TRY IT: Go through the data below and repeat it exactly, skipping each picture.

INFORMATION PROVIDED:

◆ ◆ ◆

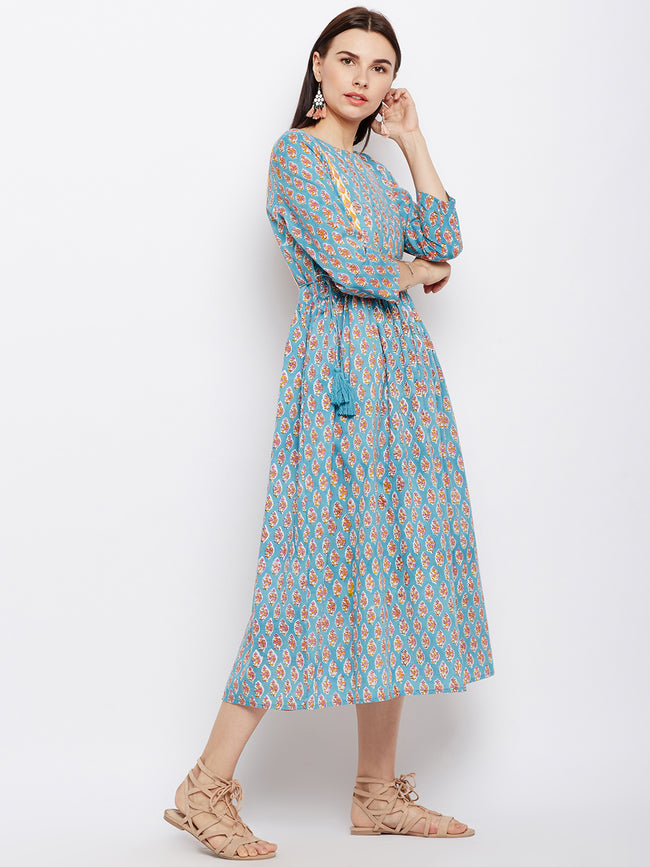 Blue block printed flared kurta dress with side ties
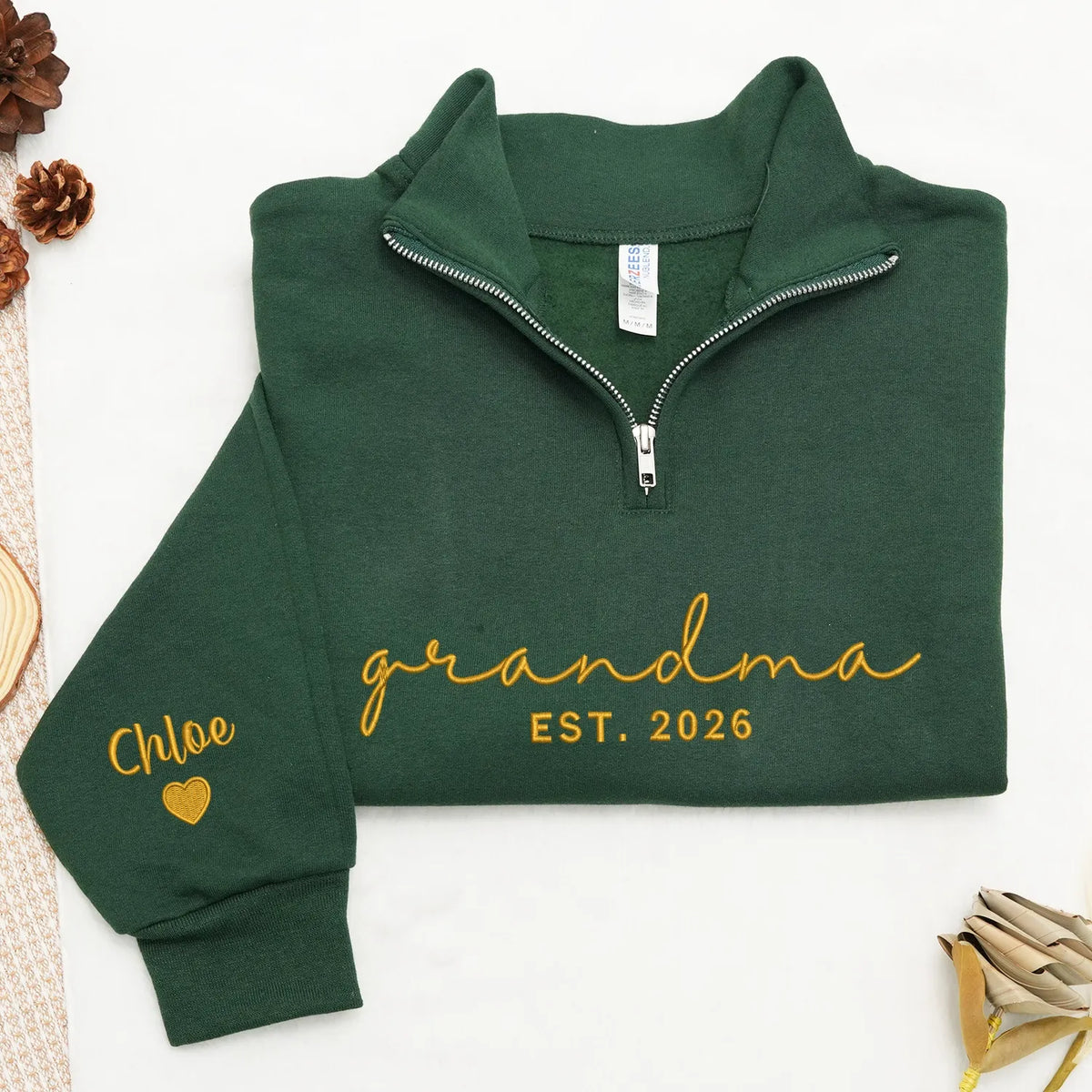 Personalized Gift for Grandma from Daughter, Son, Husband or Grandkids - Custom Grandma Embroidered Quarter-Zip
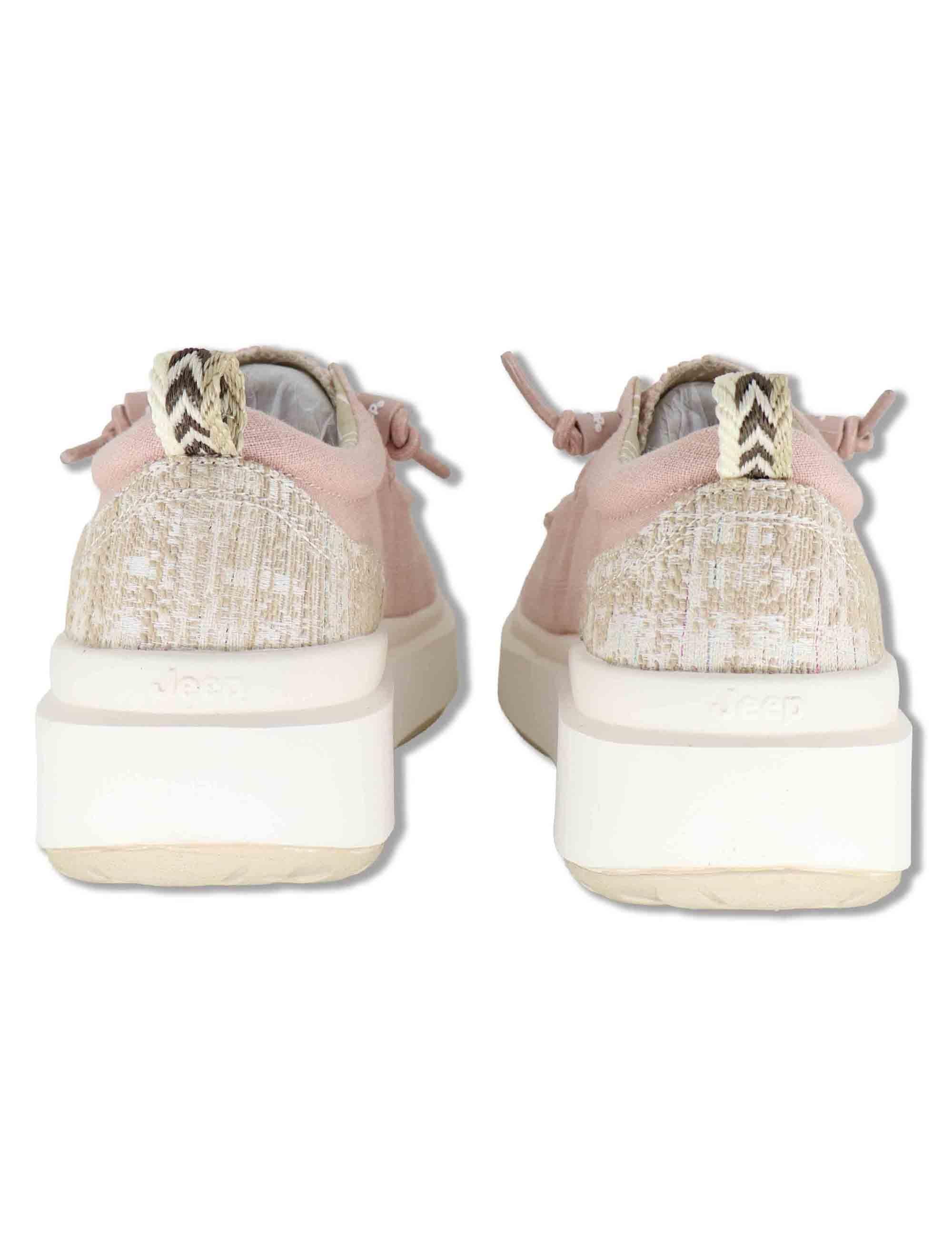 Sneakers donna Nature Wallabee in tessuto rosa con lacci elastici JL61530A 080 Jeep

◆ ◆ ◆

ANSWER BOX:
 Blue block printed flared kurta dress with side ties
 Personalized Gift for Grandma from Daughter, Son, Husband or Grandkids - Custom Grandma Embroidered Quarter-Zip
 Sneakers donna Nature Wallabee in tessuto rosa con lacci elastici JL61530A 080 Jeep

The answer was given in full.